EXECUTIVE ORDER NO. 109
POLICY TO IMPROVE THE PROVISION OF LOCAL EXCHANGE CARRIER
SERVICE
WHEREAS, local
exchange service is fundamental to the goal of providing universal access to
basic and other telecommunications services;
WHEREAS, during
the development phase, cost-based pricing of services such as national and
international long distance and other telecommunication services may be
employed to generate funds which may then be used to subsidize the local
exchange service;
WHEREAS, while the
telecommunications sector as a whole is profitable, the profits mainly come
from the toll services particularly from the international long distance
service; and
WHEREAS, there is
a need to promulgate new policy directives to meet the targets of Government
thru the National Telecommunications Development Plan (NTDP) of the Department
of Transportation and Communications (DOTC), specifically: (1) to ensure the
orderly development of the telecommunications sector through the provision of
service to all areas of the country; (2) to satisfy the unserviced demand for
telephones; and (3) to provide healthy competition among authorized service
providers.
NOW,
THEREFORE, I, FIDEL V. RAMOS, President of the Republic of the Philippines, by
virtue of the powers vested in me by law, do hereby order:
Sec.
1. Definition of Terms. The following definitions shall apply within the
context of this policy:
(a)
Basic Telecommunications Service - refers to local exchange residence and
business telephone service and telegraph service without additional features;
(b)
Cost-based pricing - refers to a system of pricing in which the actual cost of
providing service establishes the basic charge to which a fixed mark-up is
added to collect a standard charge to all users without discrimination;
(c)
Local Exchange Carrier Service - refers to a telecommunications service,
primarily but not limited to voice-to-voice service, within a contiguous
geographic area furnished to individual subscribers under a common local
exchange rate schedule;
(d)
Value-based pricing - also known as value of service pricing refers to a system
of pricing where cost of service establishes the minimum charge and a variable
mark-up is added to collect revenue from those who value the service more
highly; and
(e)
Universal Access - refers to the availability of reliable and affordable
telecommunications service in both urban and rural areas of the country.
Sec.
2. Objective. The objective of this policy is to improve the provision of local
exchange service in unserved and underserved areas as defined by the National
Telecommunications Commission (NTC), thus promoting universal access to basic
telecommunications service.
Sec.
3. General Policy.
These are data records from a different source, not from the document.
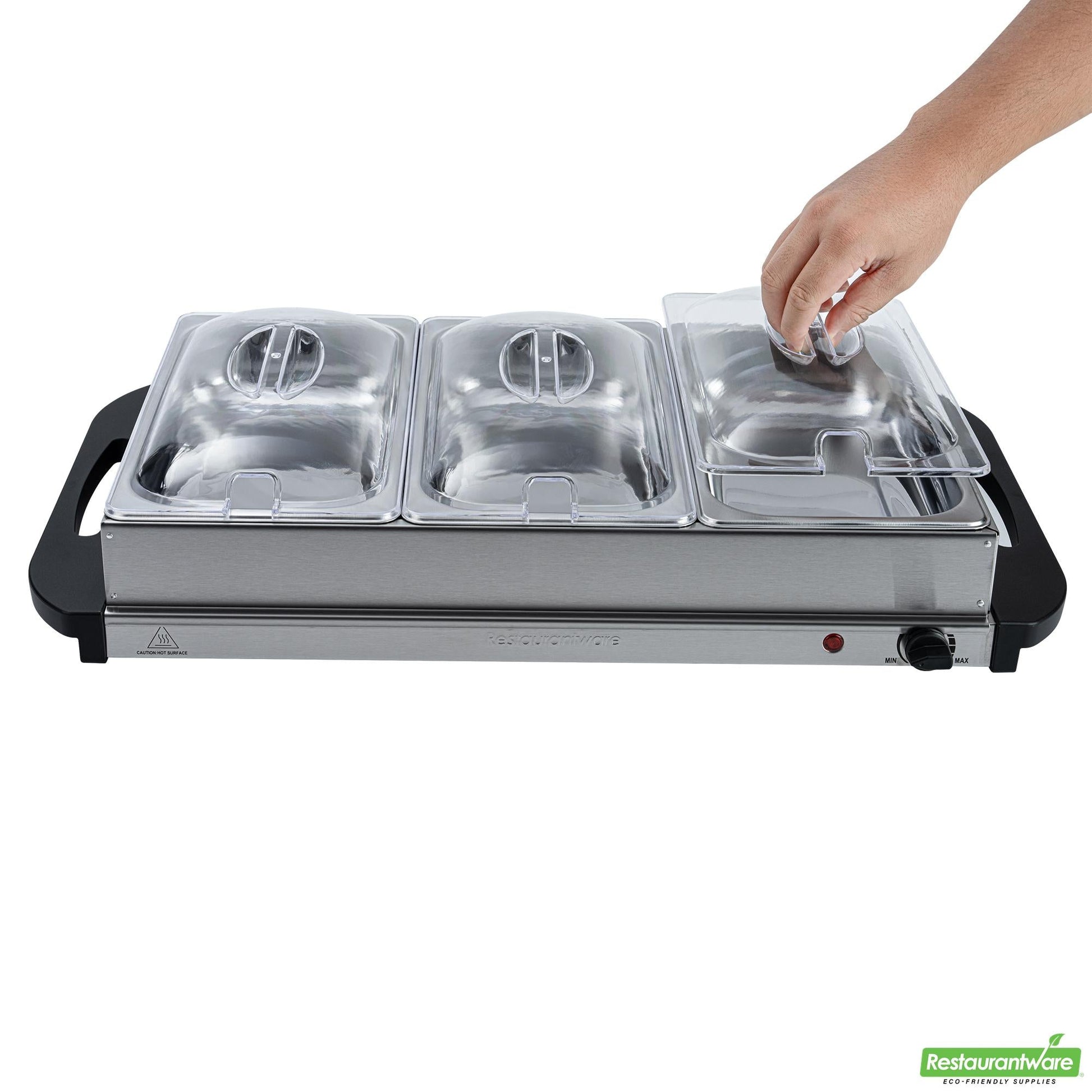 Wholesale Restaurantware Kitchen Tek Stainless Steel Buffet Server and Food Warmer - 120v, with (3) 2.5 Qt Buffet Pans - 1 Count Box- Bulk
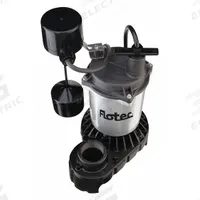 FLOTEC Submersible Sump Pump: 1/2 hp, 115V AC, 59 gpm Flow Rate @ 10' of Head, 1 1/2 in FNPT, 5.5 A (MPN FPCI5050). Key specifications — Rated Voltage: 115V AC; Brand: FLOTEC; Switch: Piggyback Vertical Float.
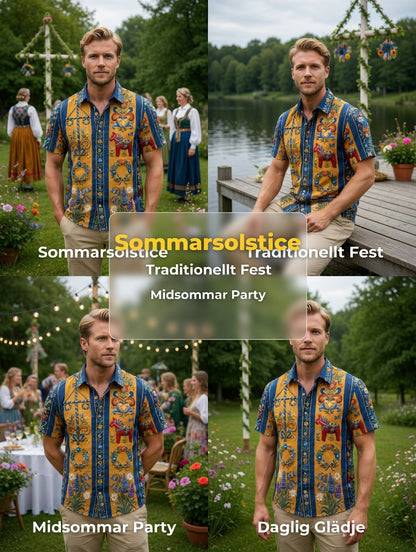 Herrretro svensk midsommarfolkaldrigblommig bomull-linne skjorta med korta ärmarna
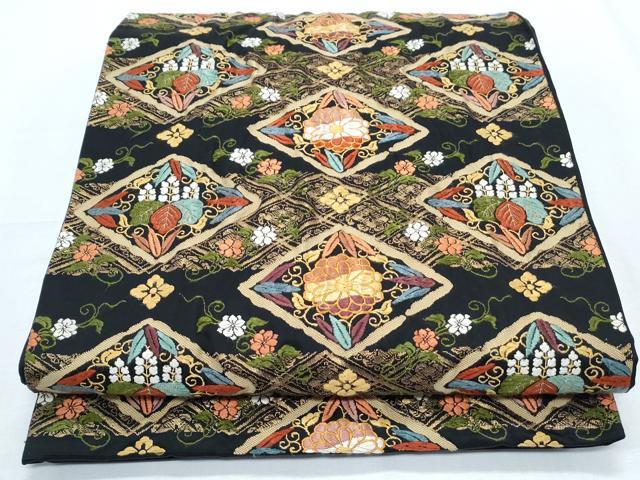 平和屋着物◎六通柄袋帯 唐織 菱花文 正絹 逸品 CABF7863th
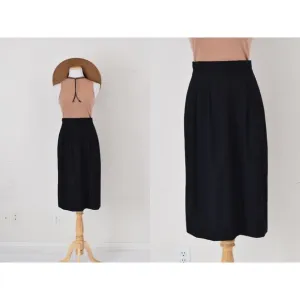 Vintage 80s Wool Black Midi Skirt size 10 | 28 waist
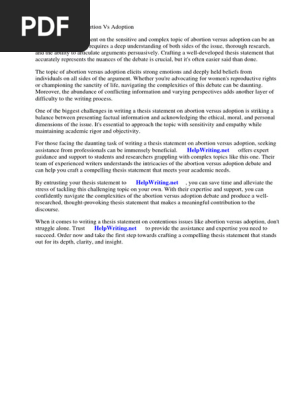 Thesis Statement Abortion vs Adoption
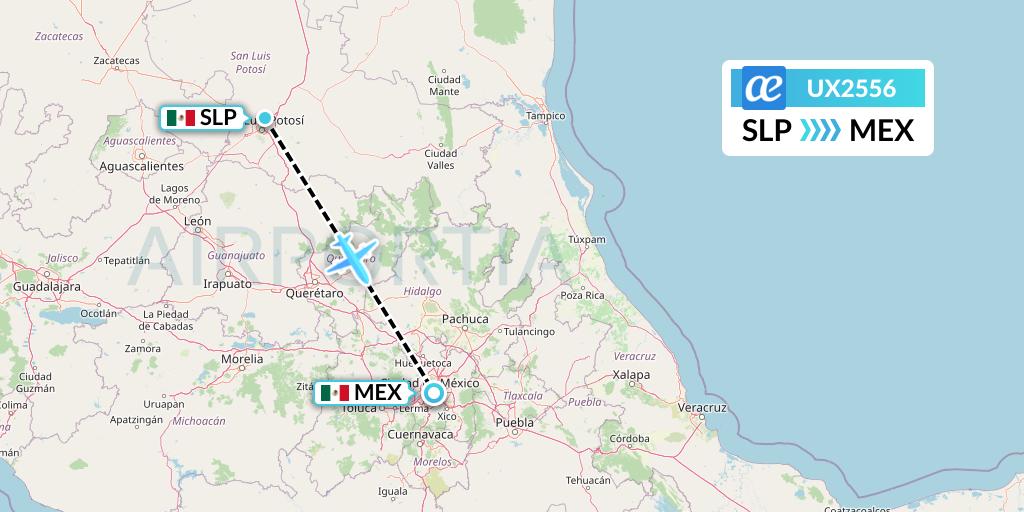 UX2556 Air Europa Flight Map: San Luis Potosi to Mexico City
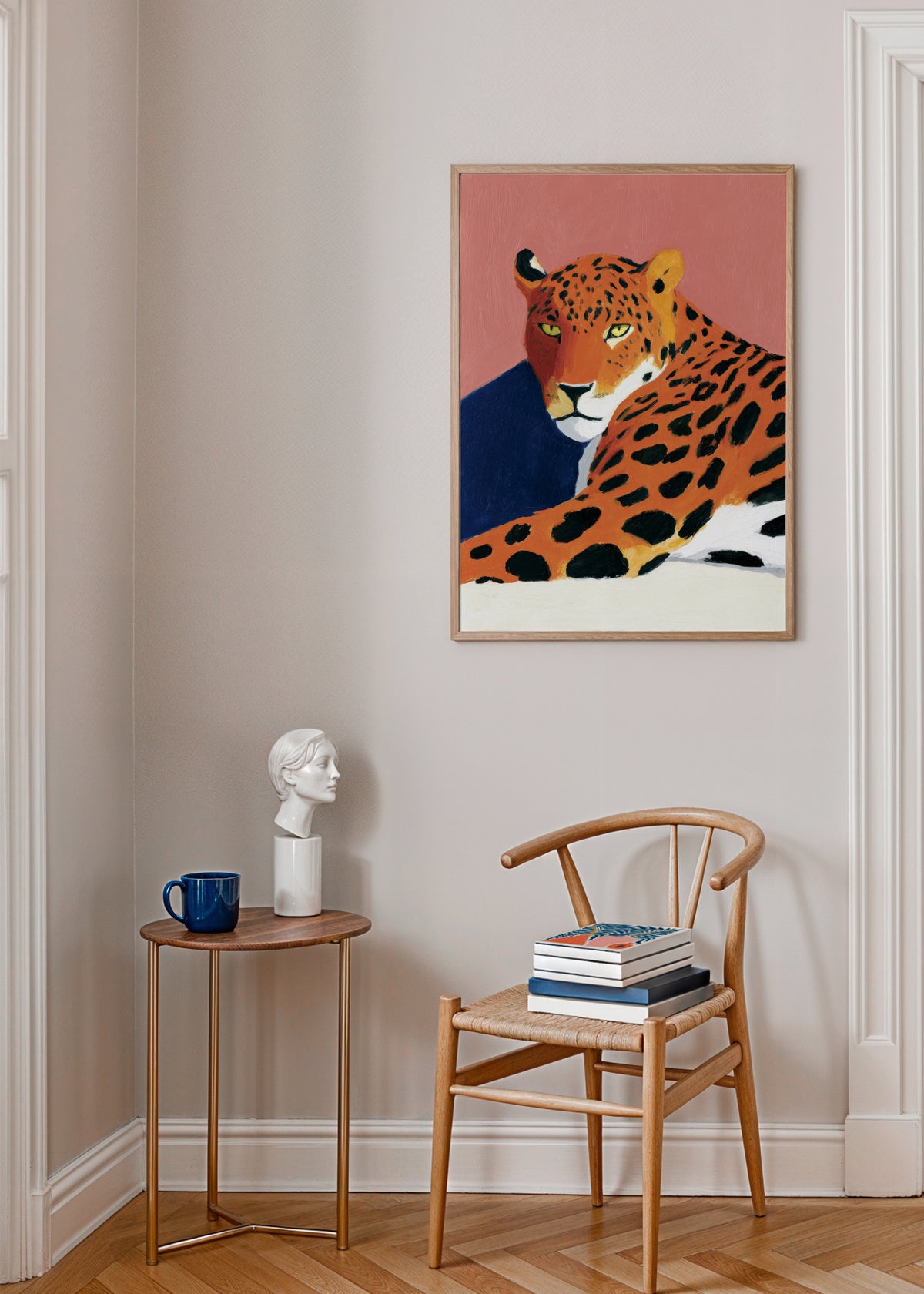 Resting Leopard - Framed poster in an interior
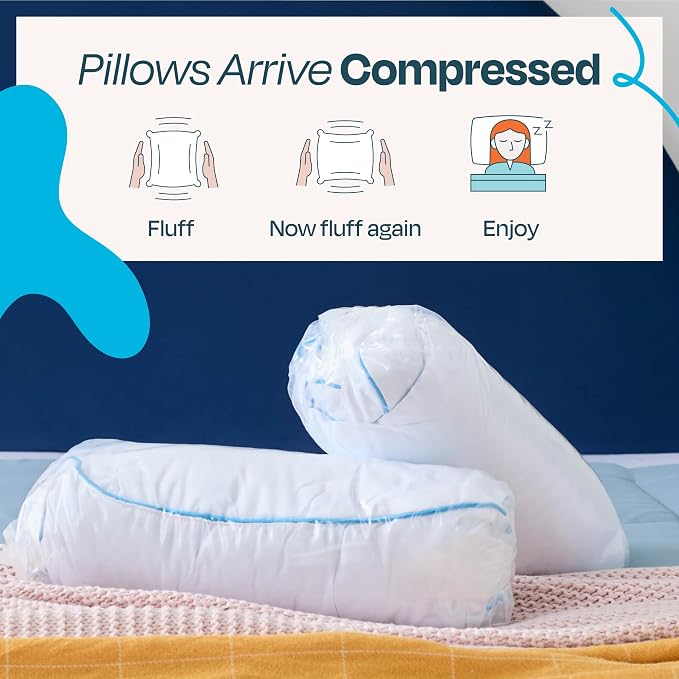 Linenspa Two Pack Shredded Gel Memory Foam Pillow, King Size – Cooling Bed - Image 5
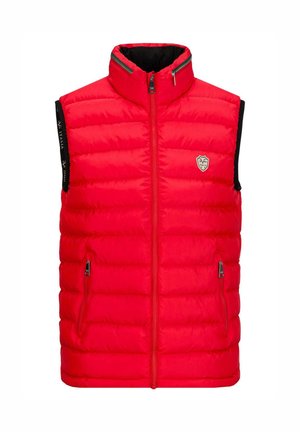 Rood gewatteerd bodywarmer met hoge kraag, ritssluiting en twee steekzakken aan de voorkant. Heeft zwarte zijpanelen en een logo op de borst.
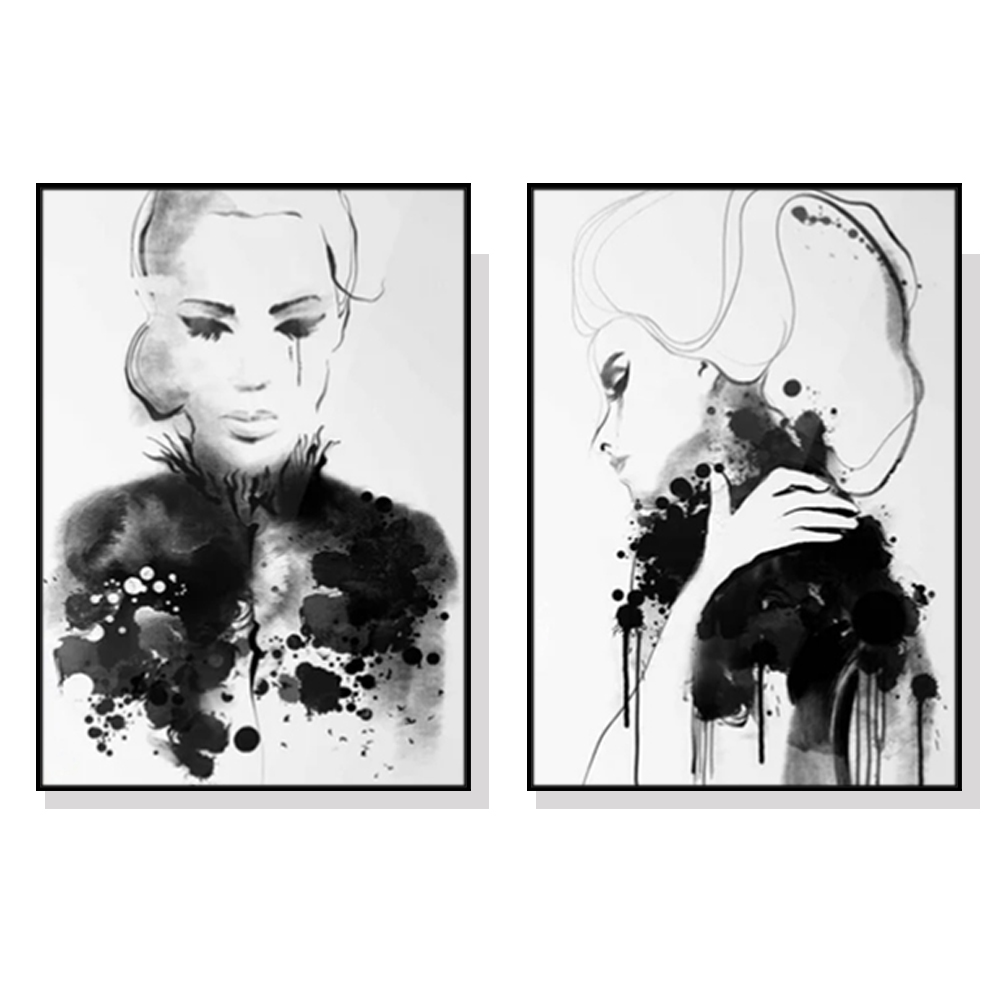 V207-1351-65135-00 Wall Art 60cmx90cm Watercolor Sketch 2 Sets Black Frame Canvas - Image 1
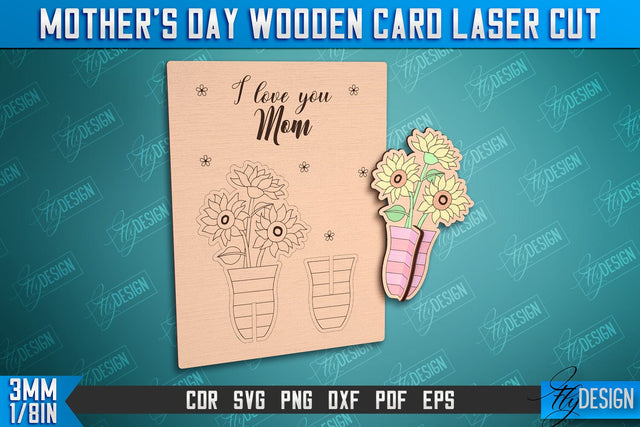 Mother's Day Wooden Card | Flower Design | Greeting Cards | Granny Gift | CNC File SVG Fly Design 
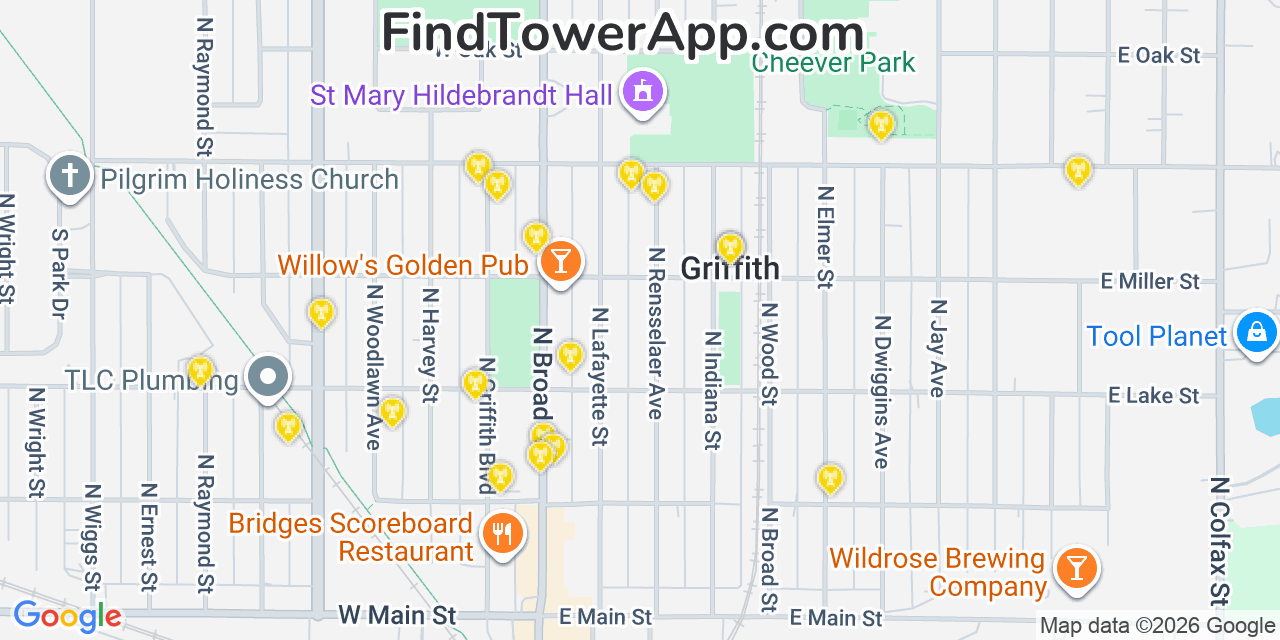 Map showing the 20 primary cell tower locations detected in Griffith, Indiana from AT&T, Verizon, and T-Mobile networks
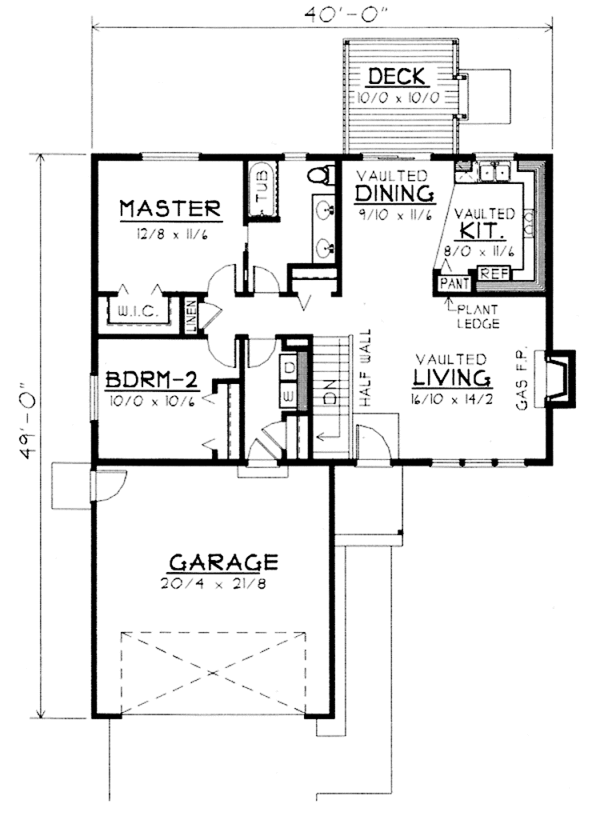 House Design - Ranch Floor Plan - Main Floor Plan #1037-1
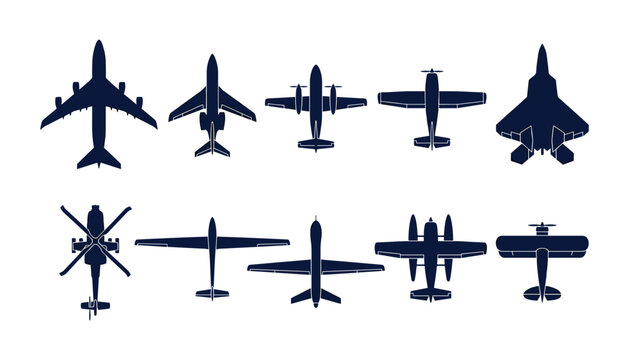 Aircraft silhouette icon set airliner fighter jet helicopter drone glider seaplane biplane top view vector illustration
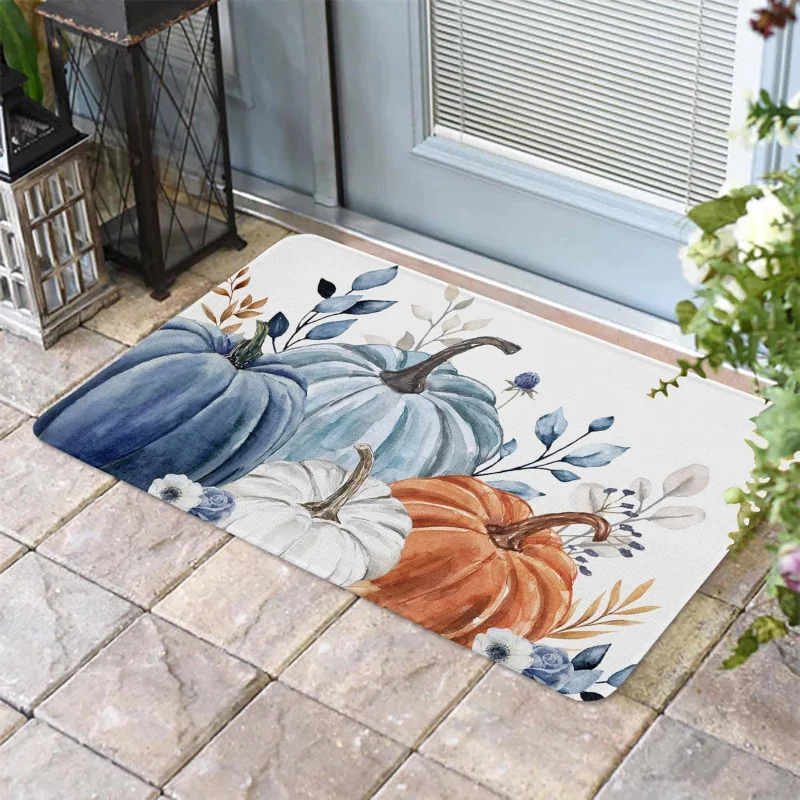 Watercolor Pumpkin Welcome Mat Entrance Floor Mat Autumn Harvest Thanksgiving Non slip Rubber Door Mat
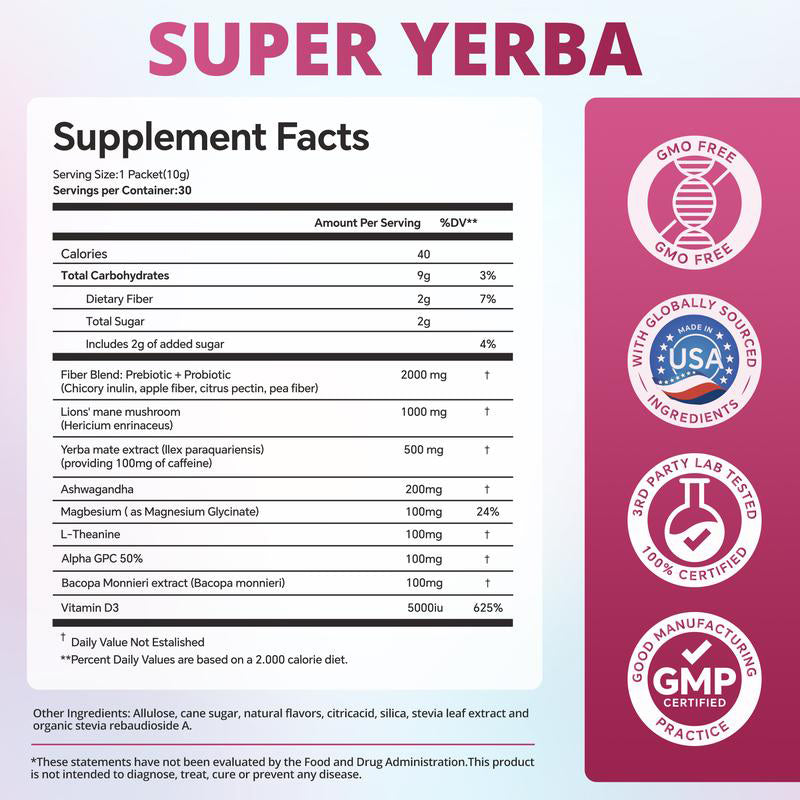 Super Yerba l Yerba Mate Instant Tea Powder IRASPBERRY LEMONADE Flavorl 30 Servings-V
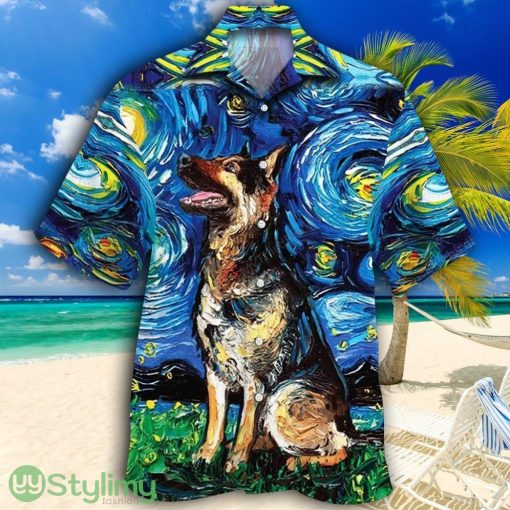 German Shepherd Dog Lovers Night Tropical Hawaiian Shirt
The Government shall pursue the policy of democratization in
the ownership and operation of telecommunication facilities and services.
Sec.
4. Cross-Subsidy. Until universal access to basic telecommunications service is
achieved, and such service is priced to reflect actual costs, local exchange
service shall continue to be cross-subsidized by other telecommunications
services within the same company.
Sec.
5. Service Packaging. Authorized international gateway operators shall be
required to provide local exchange service in unserved and underserved areas,
including Metro Manila, within three (3) years from the grant of an authority
from the NTC, under the following guidelines:
(a)
Authorized gateway operators shall provide a minimum of three hundred (300)
local exchange lines per international switch termination;
(b)
At least one (1) rural exchange line shall be provided for every ten (10) urban
local exchange lines installed;
(c)
The establishment of public Calling Offices at the rural barangay level shall
be given an appropriate credit by the NTC towards the obligation to provide
local exchange service. The above figures are derived from the following
factors: number of exchange lines, number of international switch terminations,
traffic, grade of service and demand;
(d)
No permit for an international gateway facility shall be granted an applicant
unless there is a clear showing that it can establish the necessary foreign
correspondenceships; and
(e)
Carriers already providing local exchange service in accordance with Section
5(a), (b) and (c) shall be authorized to operate an international gateway
subject to applicable laws.
Sec.
6. Subsidiary. The subsidiaries of a public telecommunications carrier
operating an authorized international gateway shall not be allowed to operate
another gateway in accordance with Executive Order No. 59 (1993).
For
this purpose, a telecommunications company shall be considered as a subsidiary
if any or all of the following conditions exists:
(a)
The two companies share the services of key operating and management personnel;
(b)
The shareholdings of one company, together with the shareholdings of its
stockholders, in the other company aggregate more than fifty percent (50%) of
the outstanding capital stock of the latter company; or
(c)
One company and its stockholders have a combined exposure in the other company
in the form of loans, advances, or asset-lease equivalent to more than fifty
percent (50%) of the capital accounts of the other company.
Sec.
7. Cellular Mobile Telephone System. Authorized international gateway operators
may also be authorized to provide Cellular Mobile Telephone System (CMTS)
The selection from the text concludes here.